To begin, we need to see how the book of II Chronicles introduces these three kings:
Joash was seven years old when he became king, and he reigned forty years in Jerusalem. His mother’s name was Zibiah of Beersheba. Joash did what was right in the sight of the LORD . . .. (II Chronicles 24:1-2; emphasis ours throughout)
Amaziah was twenty-five years old when he became king, and he reigned twenty-nine years in Jerusalem. His mother’s name was Jehoaddan of Jerusalem. And he did what was right in the sight of the LORD . . .. (II Chronicles 25:1-2)
Now all the people of Judah took Uzziah, who was sixteen years old, and made him king instead of his father Amaziah. . . . Uzziah was sixteen years old when he became king, and he reigned fifty-two years in Jerusalem. His mother’s name was Jecoliah of Jerusalem, and he did what was right in the sight of the LORD . . . . (II Chronicles 26:1, 3-4)

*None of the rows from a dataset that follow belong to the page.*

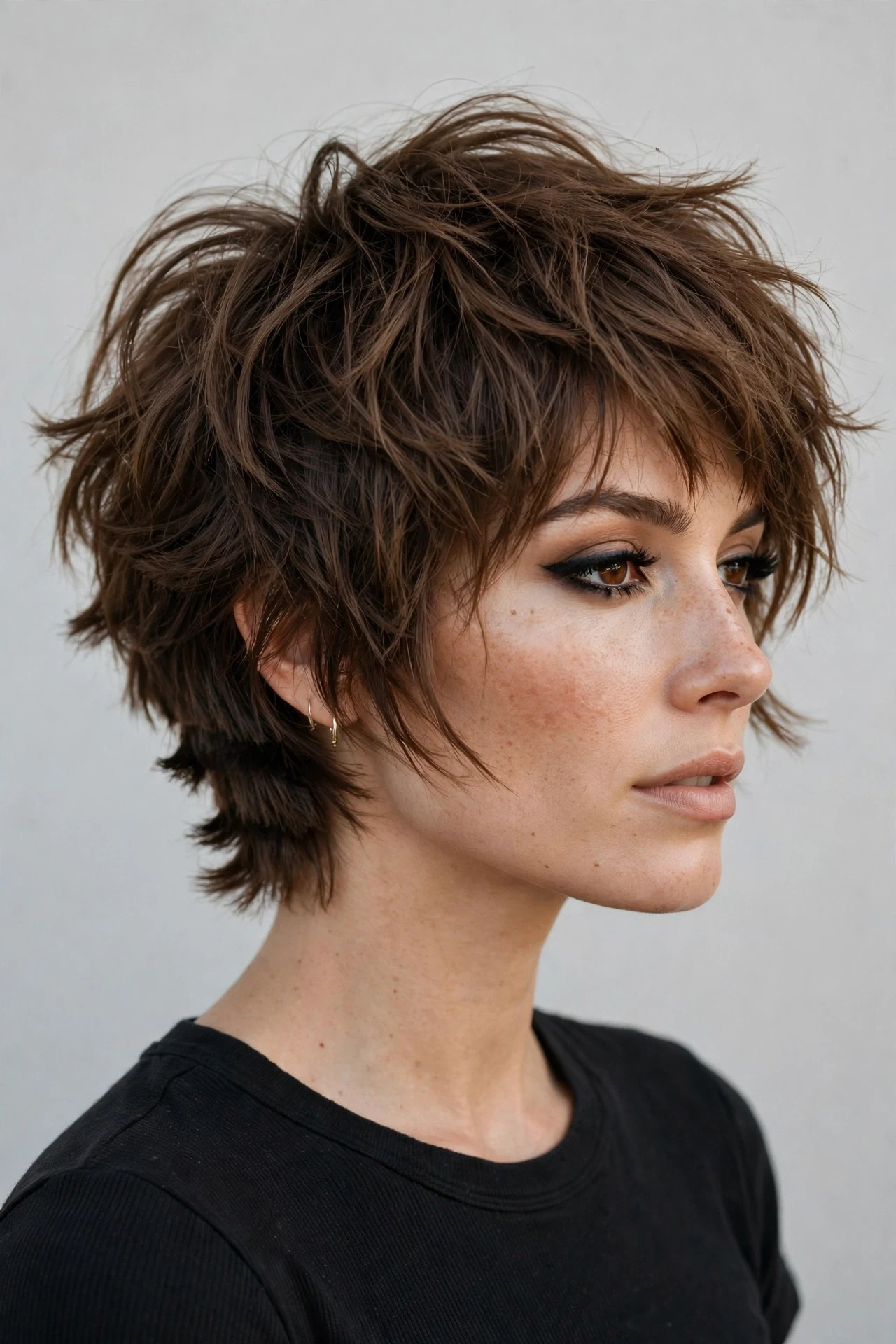 Textured choppy wedged bob with piecey layered ends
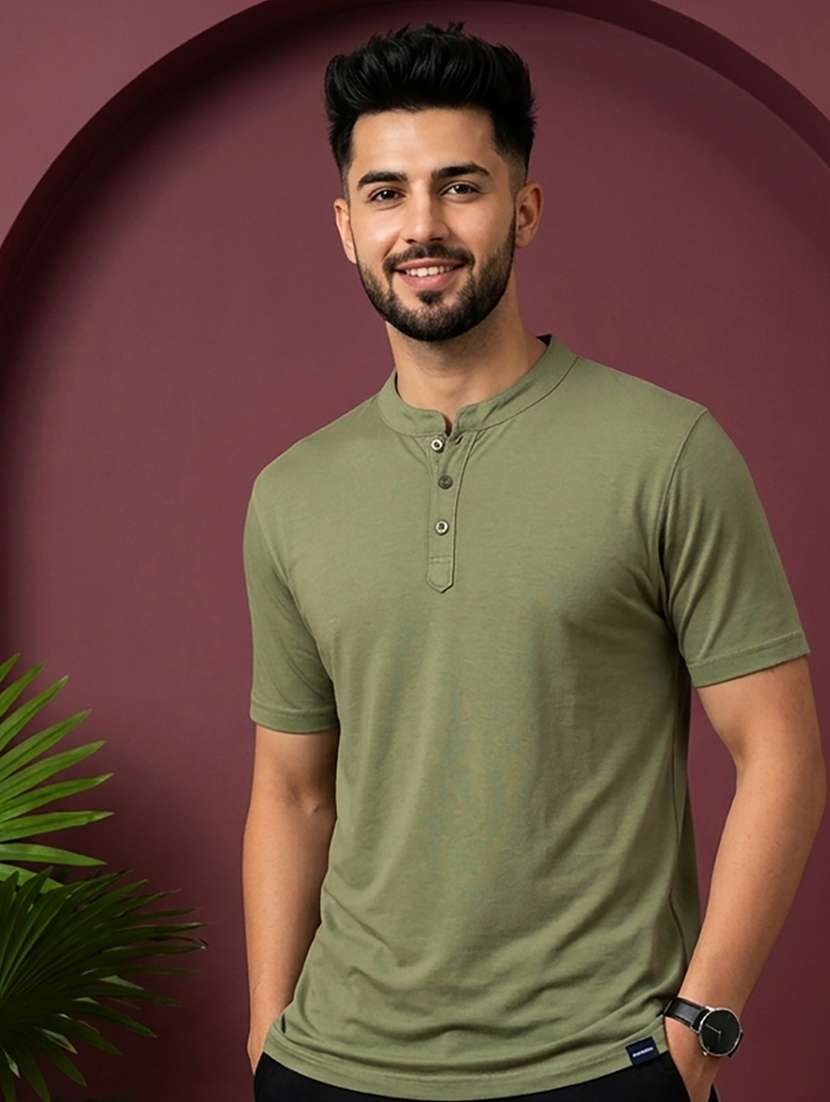 men solid short sleeve regular fit t-shirt
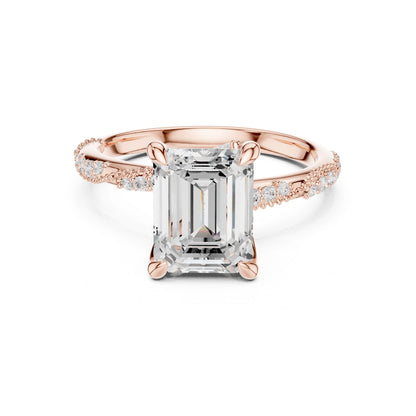 Emerald Lab Grown Diamond Pave Engagement Ring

These three consecutive kings shared the biblical approbation that they did what was right in the sight of the Lord. Yet, these men, who did what was right in God’s sight, were struck from the king-list as ancestors of Jesus Christ, but downright evil men—Jehoram (Joram), Ahaz, Manasseh, and Amon—remained on it.
Why? Could it be that God wants to draw attention to their stories more than otherwise might be done if their names appeared on the list? If so, we need to look at what Scripture provides about their lives.
II Chronicles 22:10 reads, “Now when Athaliah the mother of Ahaziah saw that her son was dead, she arose and destroyed all the royal heirs of the house of Judah.” Athaliah, daughter of Israel’s King Ahab and Jezebel and thus the granddaughter of Omri (II Chronicles 22:2), was the wife of Jehoram, king of Judah. Once her son had died by the hand of Jehu, she staged a coup, killing all of Ahaziah’s heirs and taking the throne. She reigned for six years.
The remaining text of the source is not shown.